Long-term financial planning trumps immediate gains
Some people may thrive on instant gratification, but the majority of Americans believe long-term planning is more effective than immediate gains when it comes to their finances. A new study reveals that Americans are turning their backs on "get rich quick" schemes, and instead focusing on implementing positive measures that will allow them to reach a better financial position over time.
According to Northwestern Mutual’s 2013 Planning and Progress study, roughly 75 percent of individuals noted that long-term planning is more important and effective than focusing on short-term goals. Another third of respondents said cited the "slow and steady wins the race" mantra as their personal approach to managing their personal finances.
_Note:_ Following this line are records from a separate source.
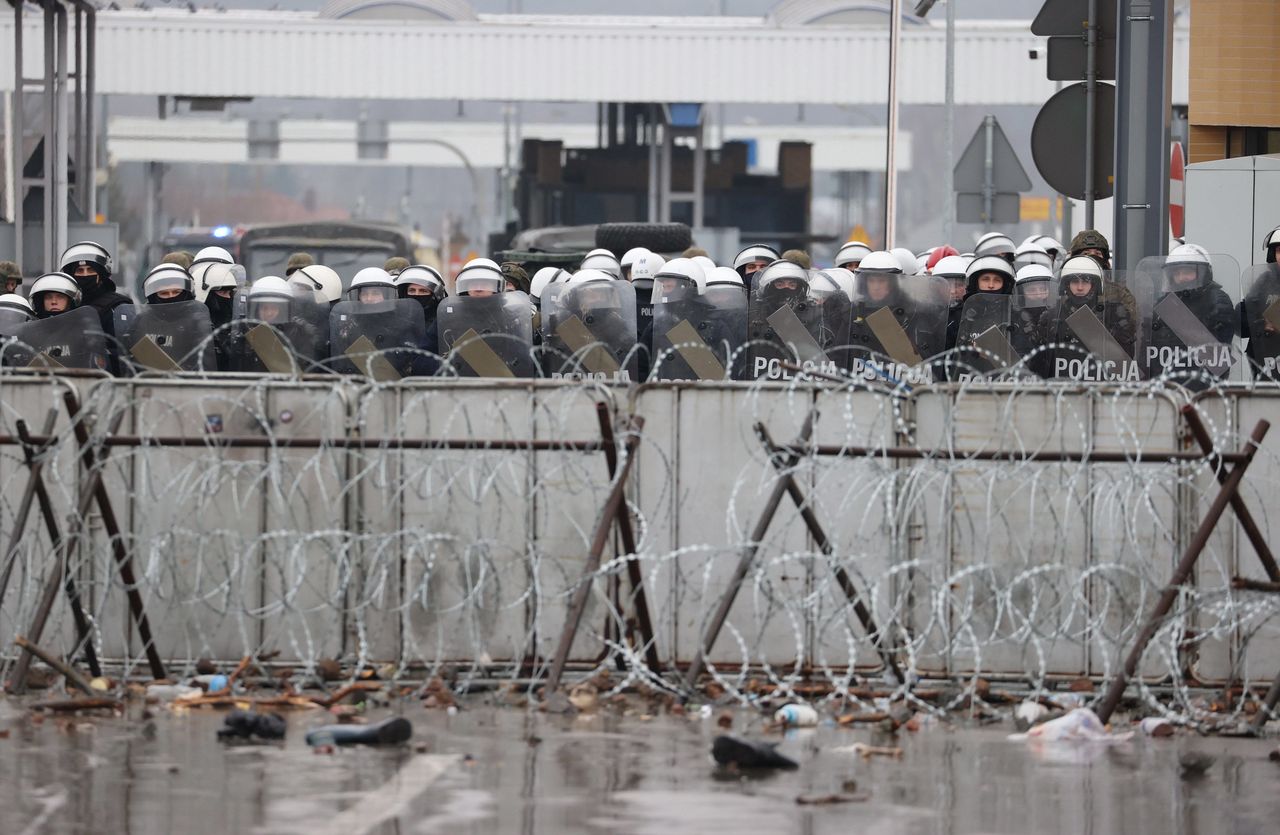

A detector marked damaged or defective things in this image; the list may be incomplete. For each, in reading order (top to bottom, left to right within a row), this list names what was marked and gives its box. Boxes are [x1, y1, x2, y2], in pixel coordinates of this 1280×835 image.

rusty metal post [545, 414, 645, 691]
rusty metal post [1095, 417, 1264, 722]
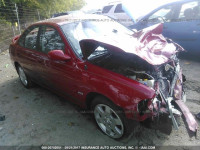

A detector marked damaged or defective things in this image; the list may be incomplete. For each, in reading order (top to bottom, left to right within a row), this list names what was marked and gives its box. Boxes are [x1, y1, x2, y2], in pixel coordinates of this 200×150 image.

shattered windshield [61, 19, 133, 57]
crumpled hood [79, 23, 183, 65]
damaged front end [80, 24, 198, 134]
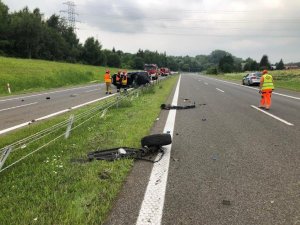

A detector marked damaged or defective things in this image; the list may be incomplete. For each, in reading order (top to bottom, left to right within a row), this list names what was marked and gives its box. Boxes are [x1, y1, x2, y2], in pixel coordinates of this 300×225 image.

The study also found that when it came to crucial financial planning goals – such as saving money, budgeting and paying down credit card debt – nearly all groups regardless of age recognized the importance of these actions.
For example, 40 percent of respondents 55 and older said saving early was the best decision they ever made, and 53 percent of those 25 to 54 agreed that putting money away earlier rather than later was the best choice they could make in the future. More younger adults – 52 percent – said ensuring their family's protection was the second most important decision to make after savings, while older demographics placed this goal as last on their list. Instead, 40 percent of older individuals who are nearing retirement cited paying off their mortgage as the second most important task.
Developing long-term goals
Despite the results of the study, Greg Oberland, Northwestern Mutual executive vice president, said that actions speak louder than words and there are concerns that individuals may not be following up on their goals.
"People’s priorities are in place, but are their good intentions backed by demonstrable action?" asked Oberland. "On one hand, we're seeing strong evidence that people are saving more. On the other, we know that half of all Americans have no long-term plan in place, and nearly a quarter are taking on more risk than they would prefer because they feel the need to play catch-up."
Consumers can move closer toward long-term projects by focusing on small steps that should remain consistent over time. This may include putting 10 percent of each paycheck into a high-yield savings account each pay period, or paying more than the minimum on a high-interest credit card until the balance is paid in full. For help accomplishing goals, it can also be useful to work with a financial advisor or credit counselor to learn the tools and resources that can assist consumers in setting benchmarks and reaching their aims.